[Excerpted records]
══════════

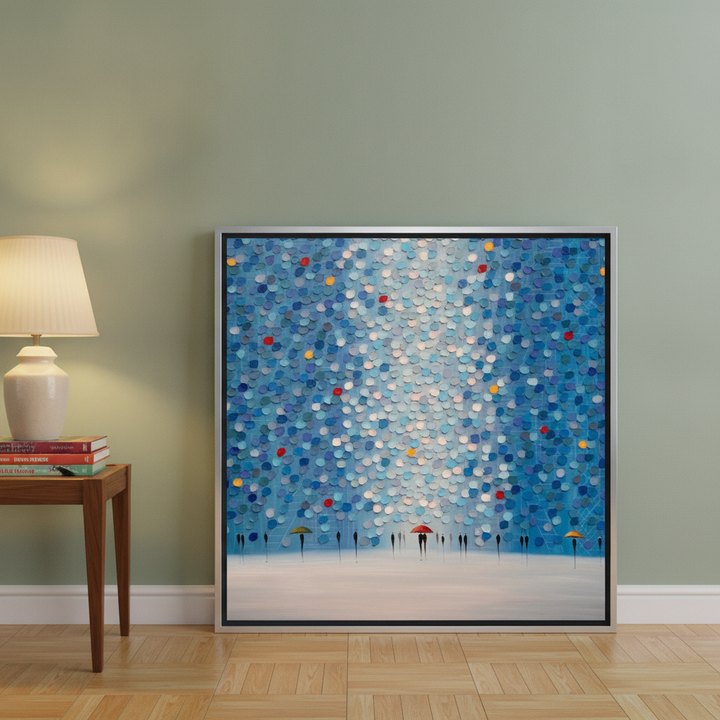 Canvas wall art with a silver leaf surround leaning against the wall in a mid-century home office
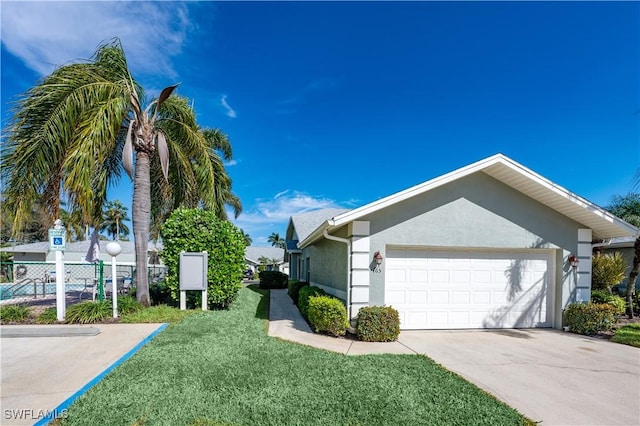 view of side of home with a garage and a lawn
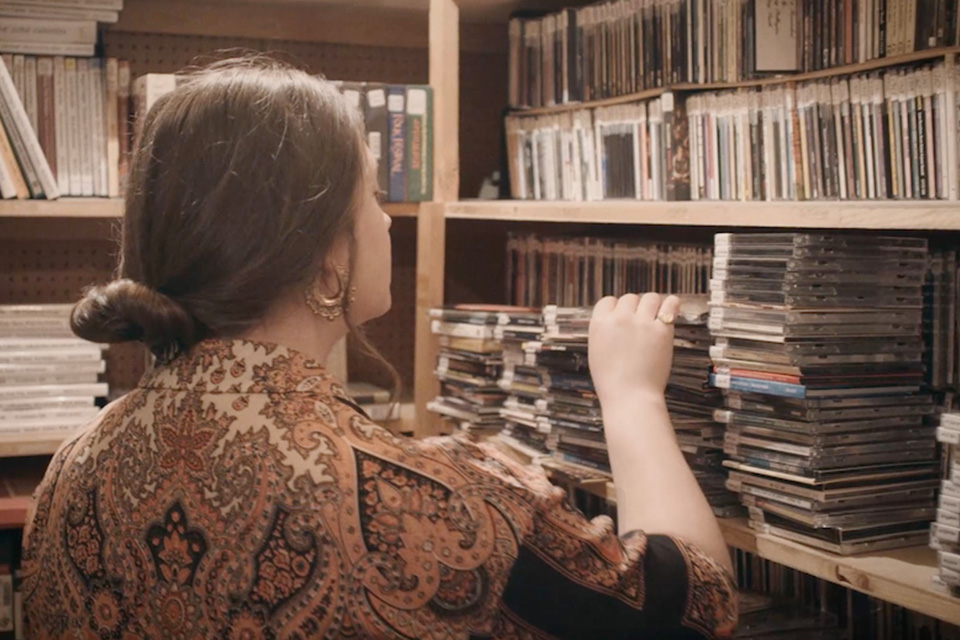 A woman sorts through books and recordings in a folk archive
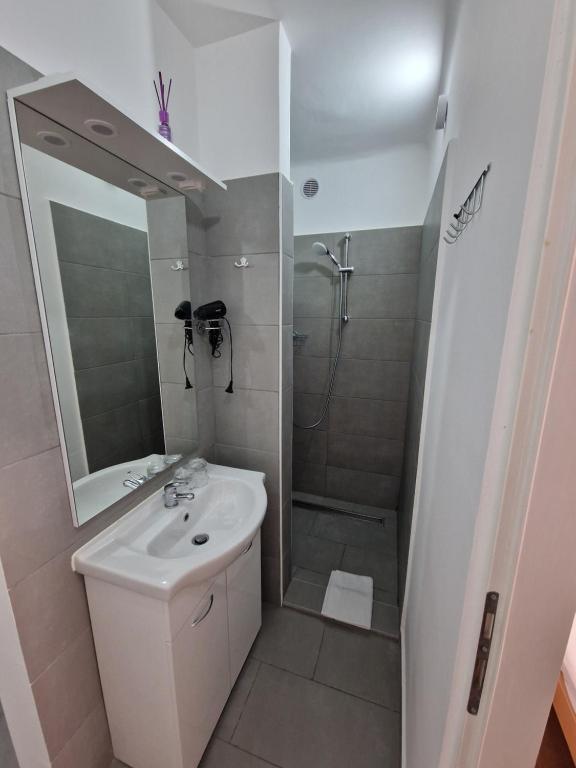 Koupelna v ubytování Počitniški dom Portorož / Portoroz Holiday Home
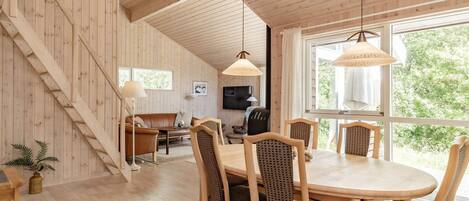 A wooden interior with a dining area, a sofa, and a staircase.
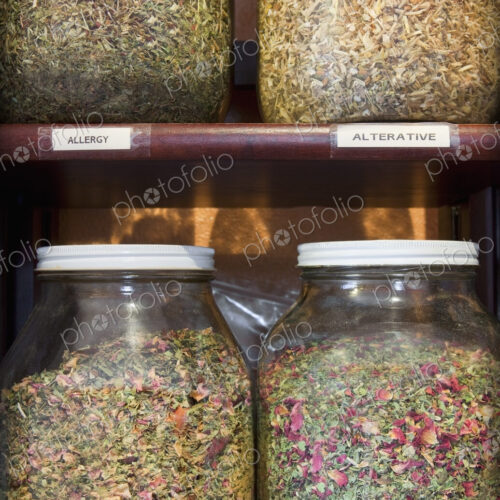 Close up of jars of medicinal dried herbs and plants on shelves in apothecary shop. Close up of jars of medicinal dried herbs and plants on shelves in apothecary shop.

══════════

[Your assignment]
The copy must start at the line containing "view of side" and end at the last line of the records, matching each line exactly and holding no pictures.

[Worked solution]
 view of side of home with a garage and a lawn
 A woman sorts through books and recordings in a folk archive
 Koupelna v ubytování Počitniški dom Portorož / Portoroz Holiday Home
 A wooden interior with a dining area, a sofa, and a staircase.
 Close up of jars of medicinal dried herbs and plants on shelves in apothecary shop. Close up of jars of medicinal dried herbs and plants on shelves in apothecary shop.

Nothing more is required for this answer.